Two University of Nizwa students meet a calf during a tour of Circle H Dairy during the Omani contingent's four-week program at UW Oshkosh. The program concluded July 21. Photo: UW Oshkosh College of Business.

As a carton of celebratory ice cream chilled on a table in the lower level of Taylor Hall on a steamy July 20 afternoon, a short ceremony of parting pleasantries ensued. Drew Kopitzke got up to say a few words.

The assistant residence hall director with the University of Wisconsin Oshkosh’s Gruenhagen Conference Center reflected on his first meeting with the contingent of visiting students and staff from University of Nizwa in Oman. Kopitzke shared how, amid the formal welcomes and handshakes upon the group’s early July arrival at UW Oshkosh, he found himself at a loss for words as a student pointed out his resemblance to a brawny, professional wrestler.

“He said, ‘Man, you look like John Cena,’” Kopitzke said, triggering a small eruption of laughter at the farewell gathering.

Chances are John Cena’s Arabic isn’t as sharp as Drew Kopitzke’s. The latter’s elegant mastery of a few basic phrases was just one of the cross-cultural bonuses that came courtesy of “Global Horizons.” Seven-year-old University of Nizwa developed its academic and cultural immersion program to bring Omani students to UW Oshkosh for the first time in the two institutions’ long relationship.

“I hope I can be as good an ambassador for America as you have been (for Oman) here,” Kopitzke said, promising his guests he’d reciprocate their kindness upon a future visit to their country.

Twelve students and three academic staff members from University of Nizwa concluded their four-week program at UW Oshkosh on July 21. The program featured UW Oshkosh-facilitated studies in business, accounting and marketing, opportunities to see the backstage nuances of regional agricultural and manufacturing operations and excursions to all-American staples such as baseball games.

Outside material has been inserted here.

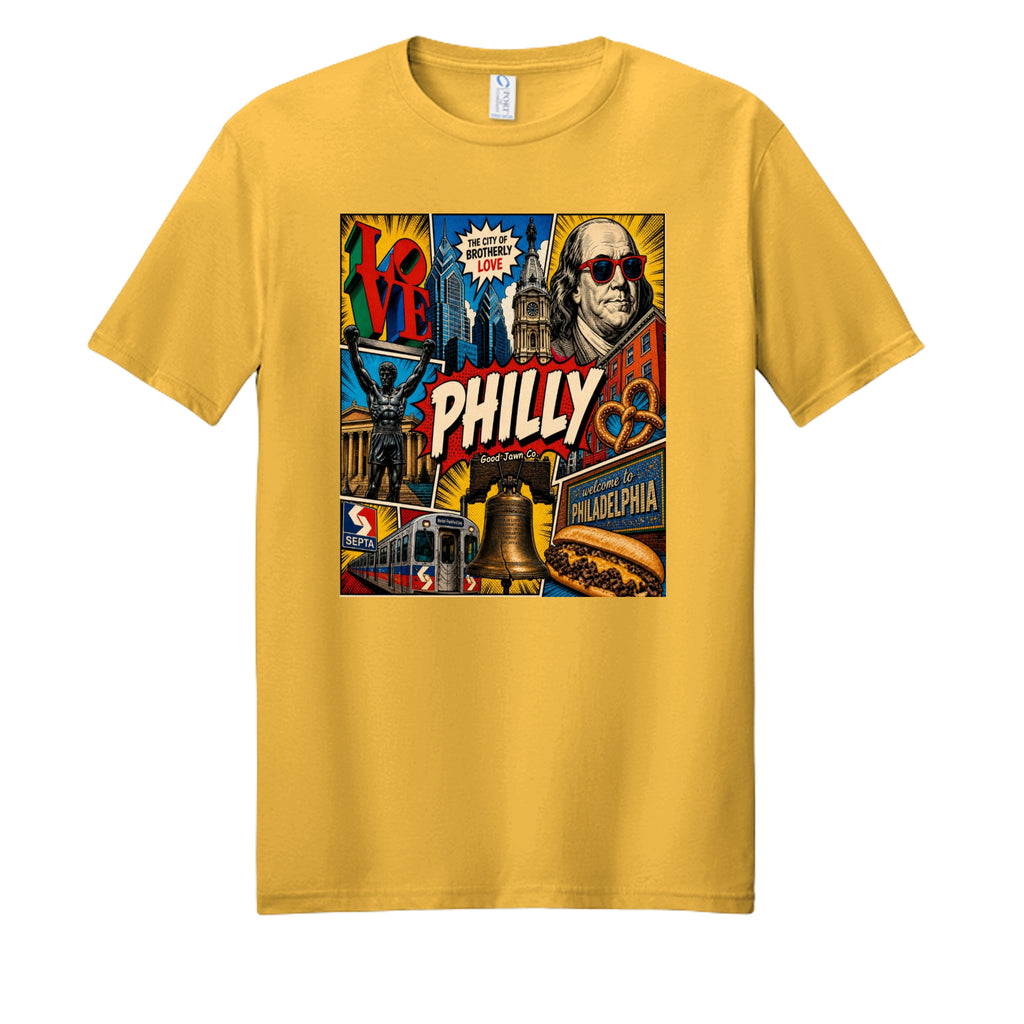 Bright Gold - PC450 - FRONT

Dr. Abdallah Omezzine, dean of the College of Economics, Management and Information Systems and acting vice president for Graduate Studies, Research & International Relations at the University of Nizwa, joined the students on their last couple of days at UW Oshkosh.

Omezzine said his 7,000-student university’s growth and the success of the Global Horizons’ collaboration with UW Oshkosh will assuredly bring more students the campus’s way in years to come.

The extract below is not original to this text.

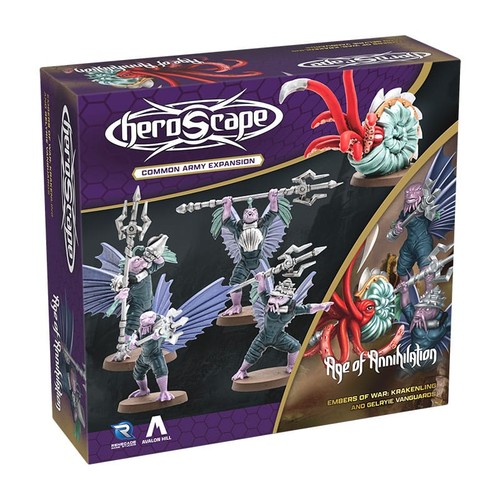 Renegade heroscape expansion - heroscape,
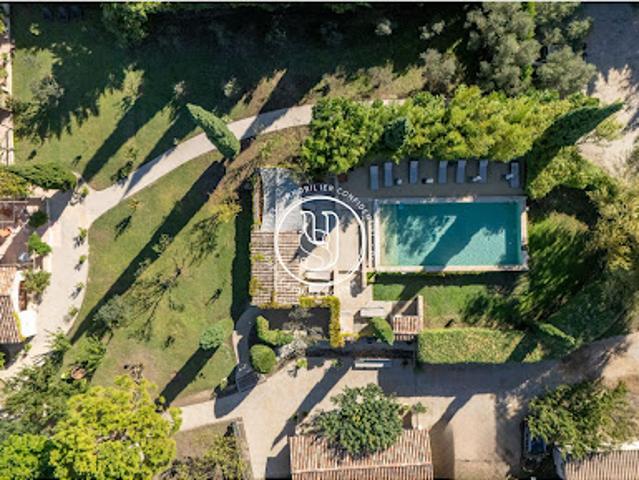 Maison avec piscine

“This has given us motivation with our partners here to plan for next year,” Omezzine said.

Separated by thousands of miles, the two universities long-lasting relationship quickly formed in the mid-1990s when then-UW Oshkosh Chancellor John Kerrigan served as a U.S. higher-education consultant for the Sultanate of Oman. From Kerrigan’s visits, conversations developed about the development a university in Nizwa, Oman. Discussions between UW Oshkosh faculty and Omani counterparts continued and evolved into full-fledged development plans. With funding and governmental support, University of Nizwa opened in 2004, and a permanent, entirely new campus is now being constructed about five miles outside of the city.

In the seven years University of Nizwa has existed, its enrollment has ballooned to 7,000 students, on pace to surpass 10,000 when the new campus is to open in the next couple of years.

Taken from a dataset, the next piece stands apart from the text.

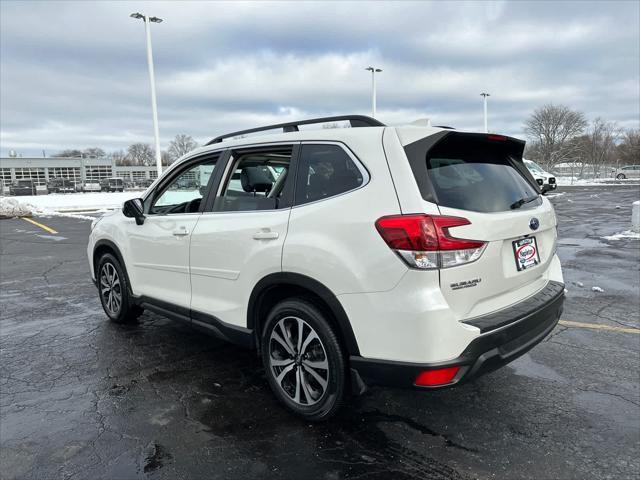 used 2021 Subaru Forester car, priced at $26,499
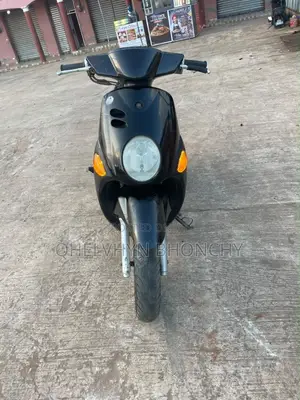 Yamaha 2015 Black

The relationship between the two institutions has given UW Oshkosh faculty and staff opportunities to travel to the country on the tip of the Arabian peninsula and help develop organizational and academic strategic plans and curricula at University of Nizwa. This year, the relationship fostered the first trip by Omani students to UW Oshkosh.

“We told (the students) America is not something you see on TV or in the movies,” Omezzine said, emphasizing the value of getting students more deeply immersed in Midwest American culture.

He said students were advised that the often overwhelming environments of major U.S. cities “may not be as informative about the American lifestyle.”

Conversely, UW Oshkosh faculty, staff and students benefited from the opportunity to directly learn from student ambassadors from a part the Middle East that may not regularly receive international spotlight, especially in a year dominated by images and headlines chronicling political upheaval in other nations around the region.

Omezzine said there were some calls this year for social and economic reforms in Oman. The mutual reverence between its Sultan and citizens led to swift 21st Century change from leaders, but not at the expense of the country’s treasured heritage.

“Oman is really blessed with a leader who has a vision for Oman, who has a purpose for the country and a vision for the future being the modernization and a preservation of the culture,” he said.

Global Horizon’s UW Oshkosh hosts said that appreciation of modernity and tradition was manifest in the campus’s student guests.

“Every day seeing you as students has been a ray of sunshine,” said Marc Nylen, Director of Gruenhagen Conference Center, concluding the July 20 good-bye ice cream social.